Une inquiétante vague de disparitions secoue depuis plusieurs mois les quartiers Dele et Kindia, dans la commune de Nyakasanza à Bunia, chef-lieu de la province de l’Ituri. Entre enfants introuvables, corps retrouvés sans vie et familles sans nouvelles de leurs proches, la peur gagne progressivement plusieurs habitants de ces entités urbaines.

Selon le conseiller communal, Georges Muno Fanda, élu de la commune de Nyakasanza, la situation devient de plus en plus préoccupante depuis le mois de février dernier.

Dans le quartier Dele, environ six cas de disparitions auraient déjà été enregistrés. Deux décès ont été confirmés, tandis que plusieurs personnes restent portées disparues.

Mais c’est surtout au quartier Kindia que le phénomène choque davantage l’opinion. D’après cet élu local, au moins six enfants y ont disparu ces derniers mois dans des circonstances troublantes.

Parmi les cas les plus marquants figure celui d’un enfant de moins de cinq ans retrouvé mort dans un four de briques, portant des traces de violence à la gorge. D’autres mineurs auraient été retrouvés dans des quartiers éloignés ou encore hors de la ville, tandis que certains corps ont été découverts dans les eaux de la rivière Nyamukau.

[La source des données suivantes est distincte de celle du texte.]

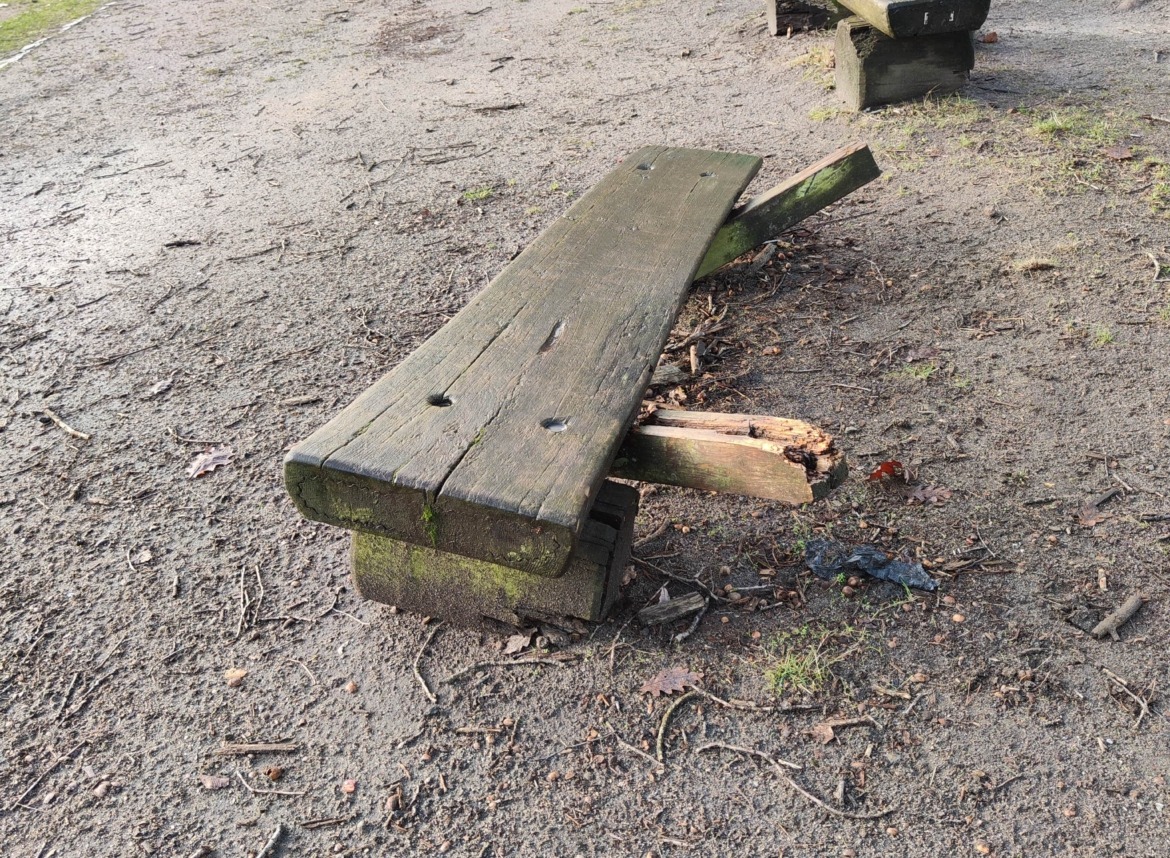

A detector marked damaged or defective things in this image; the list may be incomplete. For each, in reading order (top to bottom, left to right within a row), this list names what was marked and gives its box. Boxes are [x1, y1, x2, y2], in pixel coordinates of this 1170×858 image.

broken support leg [354, 482, 640, 620]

" À Bunia, la disparition et le kidnapping des enfants deviennent très inquiétants. Plusieurs cas sont signalés dans les quartiers Kindia et Dele, où certains enfants et même des personnes majeures restent portés disparus jusqu’à ce jour. Selon plusieurs informations recueillies sur le terrain, ce phénomène semble être organisé par des réseaux criminels. Des familles continuent à pleurer leurs proches tandis que d’autres restent sans nouvelles de leurs enfants ", alerte Georges Muno Fanda.

Face à cette recrudescence des cas de kidnapping et de morts suspectes, l’élu communal appelle les autorités urbaines à renforcer urgemment les dispositifs de sécurité et les services de renseignement dans tous les quartiers de Bunia, particulièrement à Kindia et Dele où les cas deviennent récurrents.

" Nous demandons aux autorités de mener des enquêtes sérieuses afin de démanteler ces réseaux criminels et retrouver les auteurs de ces actes. J’appelle également les jeunes, les parents et toute la population à rester vigilants, à surveiller les mouvements des enfants et à dénoncer tout comportement suspect auprès des services de sécurité ", insiste-t-il.

Cette recrudescence de disparitions relance les inquiétudes autour de l’insécurité urbaine à Bunia, une ville déjà fragilisée par les conséquences de plusieurs années de conflit armé en Ituri.

Pour plusieurs habitants, l’absence de mécanismes rapides d’alerte et de recherche complique davantage la prise en charge des cas de disparition, surtout lorsqu’il s’agit d’enfants.

Des acteurs sociaux craignent également l’existence de réseaux criminels profitant de la vulnérabilité de certains quartiers périphériques où l’éclairage public, la présence policière et les dispositifs de surveillance restent insuffisants.

Jusqu’à présent, aucune communication officielle détaillée n’a encore été faite par la mairie de Bunia ou les services de sécurité concernant l’évolution des enquêtes sur ces disparitions.

Pendant ce temps, dans plusieurs familles de Dele et Kindia, l’angoisse continue de grandir chaque jour un peu plus.